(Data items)
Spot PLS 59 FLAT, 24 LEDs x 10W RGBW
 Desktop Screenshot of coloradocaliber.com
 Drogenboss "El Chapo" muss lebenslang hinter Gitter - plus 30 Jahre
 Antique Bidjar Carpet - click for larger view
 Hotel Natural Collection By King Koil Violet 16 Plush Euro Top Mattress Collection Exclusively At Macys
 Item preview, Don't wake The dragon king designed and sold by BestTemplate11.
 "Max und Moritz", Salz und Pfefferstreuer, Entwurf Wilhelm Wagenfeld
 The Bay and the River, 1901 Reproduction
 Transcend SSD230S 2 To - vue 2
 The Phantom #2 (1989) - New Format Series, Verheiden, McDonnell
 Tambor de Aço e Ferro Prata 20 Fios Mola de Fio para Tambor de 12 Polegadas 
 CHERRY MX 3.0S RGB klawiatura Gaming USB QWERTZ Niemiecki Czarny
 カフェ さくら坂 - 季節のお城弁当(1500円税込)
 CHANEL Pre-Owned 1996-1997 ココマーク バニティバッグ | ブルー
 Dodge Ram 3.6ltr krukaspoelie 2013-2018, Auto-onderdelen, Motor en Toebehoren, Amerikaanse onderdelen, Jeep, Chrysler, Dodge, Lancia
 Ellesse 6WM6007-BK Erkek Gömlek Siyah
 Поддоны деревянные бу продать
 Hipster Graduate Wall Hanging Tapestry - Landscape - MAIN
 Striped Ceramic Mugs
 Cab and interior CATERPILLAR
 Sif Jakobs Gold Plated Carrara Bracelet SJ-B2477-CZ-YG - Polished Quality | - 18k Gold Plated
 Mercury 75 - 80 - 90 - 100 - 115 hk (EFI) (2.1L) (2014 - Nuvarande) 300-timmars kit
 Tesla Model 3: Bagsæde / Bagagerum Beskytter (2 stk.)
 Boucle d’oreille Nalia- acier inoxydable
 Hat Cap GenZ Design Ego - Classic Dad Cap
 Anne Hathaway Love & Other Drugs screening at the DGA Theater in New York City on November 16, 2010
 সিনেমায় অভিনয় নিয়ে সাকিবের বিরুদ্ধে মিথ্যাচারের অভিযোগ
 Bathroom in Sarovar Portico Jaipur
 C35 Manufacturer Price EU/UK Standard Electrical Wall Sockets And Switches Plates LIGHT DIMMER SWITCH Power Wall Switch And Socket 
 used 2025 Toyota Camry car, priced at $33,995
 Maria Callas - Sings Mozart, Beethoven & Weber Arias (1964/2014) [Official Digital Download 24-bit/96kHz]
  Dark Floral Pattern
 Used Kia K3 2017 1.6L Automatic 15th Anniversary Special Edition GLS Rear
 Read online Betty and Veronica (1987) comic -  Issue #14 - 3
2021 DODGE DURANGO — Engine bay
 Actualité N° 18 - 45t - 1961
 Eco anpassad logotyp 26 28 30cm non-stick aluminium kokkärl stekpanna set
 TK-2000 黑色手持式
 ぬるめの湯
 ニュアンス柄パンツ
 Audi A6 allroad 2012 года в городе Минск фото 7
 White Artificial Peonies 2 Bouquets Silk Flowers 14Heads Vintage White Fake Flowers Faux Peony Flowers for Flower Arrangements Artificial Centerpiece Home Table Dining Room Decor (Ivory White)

**Prompt**
Look above for the line with "Antique Bidjar Carpet"; retype exactly that line, every line after it up to the line with "Hat Cap GenZ Design Ego - Classic Dad Cap", and that line too, nothing else.

**Exercise answer**
 Antique Bidjar Carpet - click for larger view
 Hotel Natural Collection By King Koil Violet 16 Plush Euro Top Mattress Collection Exclusively At Macys
 Item preview, Don't wake The dragon king designed and sold by BestTemplate11.
 "Max und Moritz", Salz und Pfefferstreuer, Entwurf Wilhelm Wagenfeld
 The Bay and the River, 1901 Reproduction
 Transcend SSD230S 2 To - vue 2
 The Phantom #2 (1989) - New Format Series, Verheiden, McDonnell
 Tambor de Aço e Ferro Prata 20 Fios Mola de Fio para Tambor de 12 Polegadas 
 CHERRY MX 3.0S RGB klawiatura Gaming USB QWERTZ Niemiecki Czarny
 カフェ さくら坂 - 季節のお城弁当(1500円税込)
 CHANEL Pre-Owned 1996-1997 ココマーク バニティバッグ | ブルー
 Dodge Ram 3.6ltr krukaspoelie 2013-2018, Auto-onderdelen, Motor en Toebehoren, Amerikaanse onderdelen, Jeep, Chrysler, Dodge, Lancia
 Ellesse 6WM6007-BK Erkek Gömlek Siyah
 Поддоны деревянные бу продать
 Hipster Graduate Wall Hanging Tapestry - Landscape - MAIN
 Striped Ceramic Mugs
 Cab and interior CATERPILLAR
 Sif Jakobs Gold Plated Carrara Bracelet SJ-B2477-CZ-YG - Polished Quality | - 18k Gold Plated
 Mercury 75 - 80 - 90 - 100 - 115 hk (EFI) (2.1L) (2014 - Nuvarande) 300-timmars kit
 Tesla Model 3: Bagsæde / Bagagerum Beskytter (2 stk.)
 Boucle d’oreille Nalia- acier inoxydable
 Hat Cap GenZ Design Ego - Classic Dad Cap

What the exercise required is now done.